In the first category, 90% or more of the corn, soy, canola, and cotton grown in the MidWest is genetically engineered (GMO). Most of that grain is for cattle and hogs who become the base of America’s fast food diet. Only the wheat fields are not GMO — because none of the countries we export wheat to will buy the GMO stuff from us. What a bunch of fussbudgets those Europeans, East Asians, Africans and South Americans are.
The Great Plains of the MidWest are fed by the Ogallala Aquifer which is directly beneath the proposed route of the Keystone MX pipeline which, in turn, is planned for transporting Canadian tar sands goop down to Texas where it will be refined for export to the world market. The tar sands bitumen is both very corrosive and viscous and, so, must be forced through the pipeline at high pressures. It is a formula for frequent leaks and pollution of the whole aquifer.
The other category where America produces actual products is at the hundreds of military contractors it supports with billions of taxpayer dollars. Oh, they don’t all get contracts worth billions of dollars — only the top 50 or so are in the range of billions of dollars per year. The next 50 some are in the range of $500 million to $1 billion. And, the dollars to the remaining hundreds of military minded corporations are even less. Among those at the top of the list are: Lockheed Martin, Boeing, Raytheon, General Dynamics, Northrop Grumman, United Technologies, BAE Systems, Bechtel, General Atomics, Honeywell, Leidos Holdings, Supreme Group Holdings, Oshkosh Corp, and Coins & Things — all more than $1 billion and ahead of IBM, MIT, and FedEx. But, America has no claim to greatness by being the world’s armorer.

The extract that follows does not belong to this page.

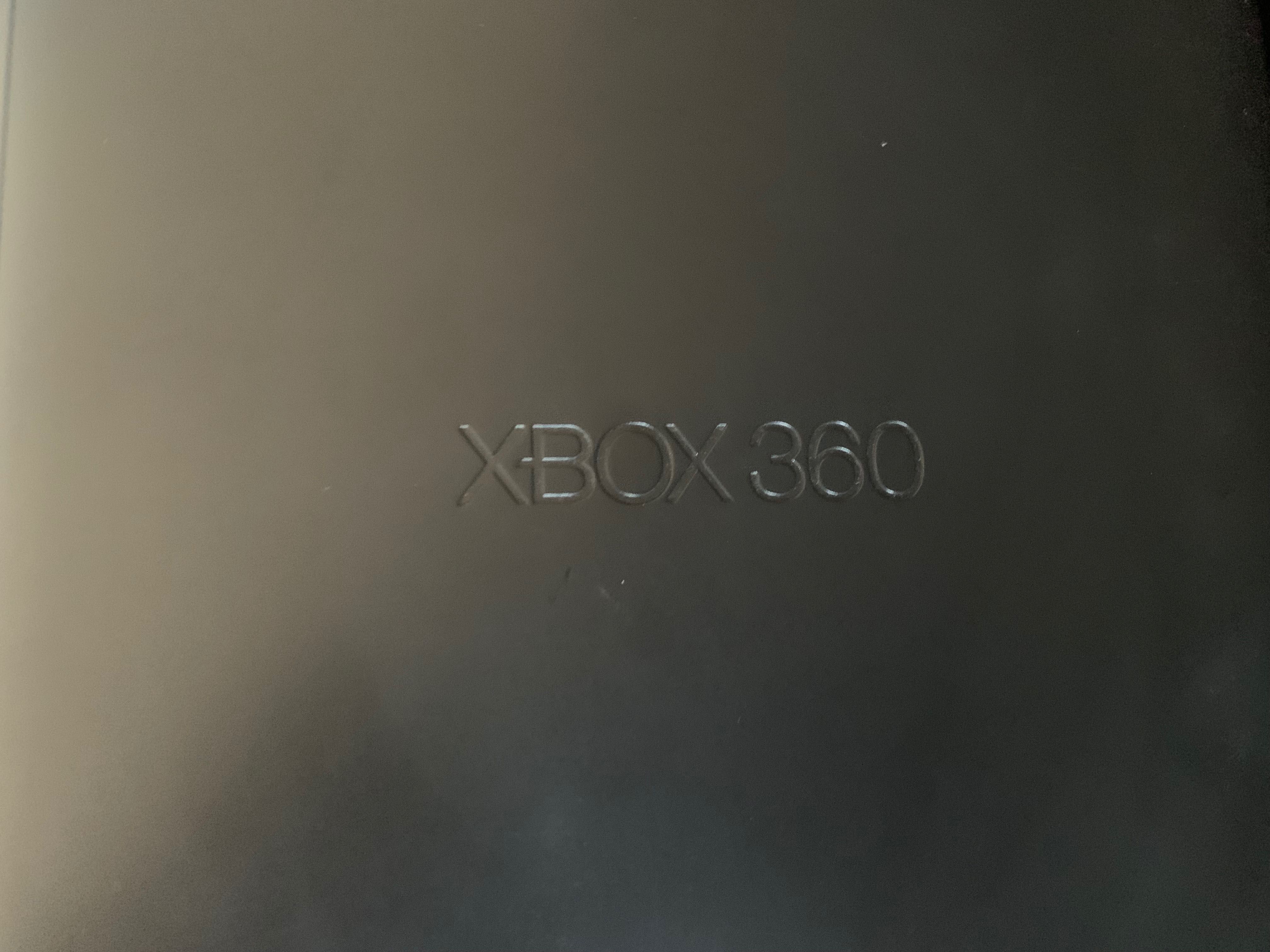 Xbox 360 120GB HDD с игри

So, how can we Make America Great Again? The Gadfly Revelry & Research team, held a meeting over high tea, and decided that the US could not hope to lead the world in making stuff, not even guns and bombs or predator drones. But, we do have a unique opportunity with the presidential nominations coming up. The US could lead the world in diplomacy and the establishment of peace. We cannot start at the grass roots because the peace movement is still not strong enough. We don’t have a national Peace Academy a la West Point, and we don’t have a national Peace College to match the War College in PA. But, for the first time in history we can establish leadership at the very top.

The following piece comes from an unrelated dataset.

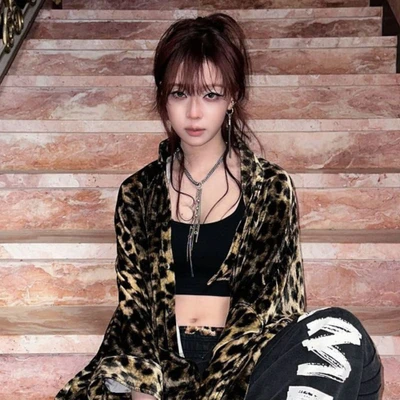 aespa họa tiết da báo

If diplomacy and negotiations are at the heart of forging Peace, we can elect the one candidate who is expert at the Art of the Deal. Yes, Donald Trump is a deal maker extraordinaire. He will be able to hold sway with enemies and friends by brokering deals as Frank Kellogg did earlier in the 20th century. When The Donald makes America Great Again by bringing his talents to bear in bringing Peace to the world, he will gain a place in history as the Peace Hero of the 21st century. What’s more he will become a philosopher of all time. He will add the Good to Aristotle’s Truth and Beauty.